◆ **TASK DESCRIPTION**: Output range, inclusive: from the line containing "Yanna Lavigne Instagram" to the line containing "Watton WT-628 Gree". Restate those lines from the data below word for word and only those.

◆ **INPUT FOR THIS TASK**:
==*==

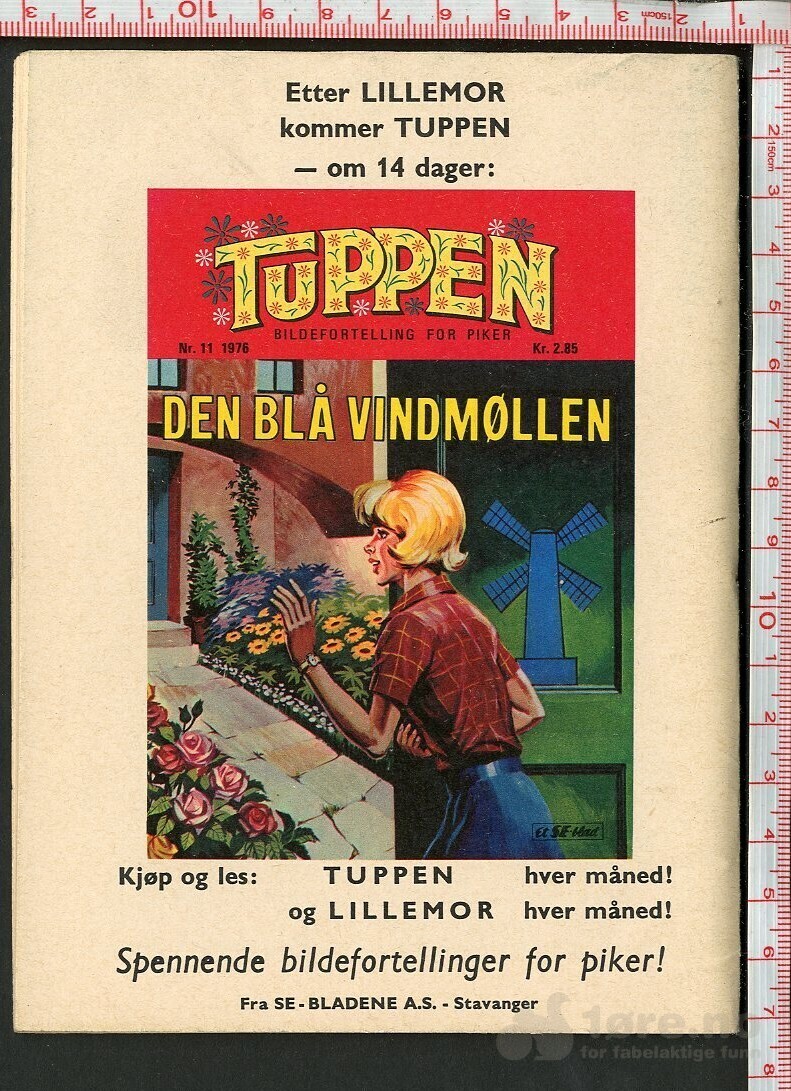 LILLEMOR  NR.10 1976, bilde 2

==*==

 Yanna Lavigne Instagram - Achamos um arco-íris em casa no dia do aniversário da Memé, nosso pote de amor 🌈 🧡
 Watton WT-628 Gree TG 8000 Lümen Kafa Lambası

==*==

◆ **EXERCISE ANSWER**:
 Yanna Lavigne Instagram - Achamos um arco-íris em casa no dia do aniversário da Memé, nosso pote de amor 🌈 🧡
 Watton WT-628 Gree TG 8000 Lümen Kafa Lambası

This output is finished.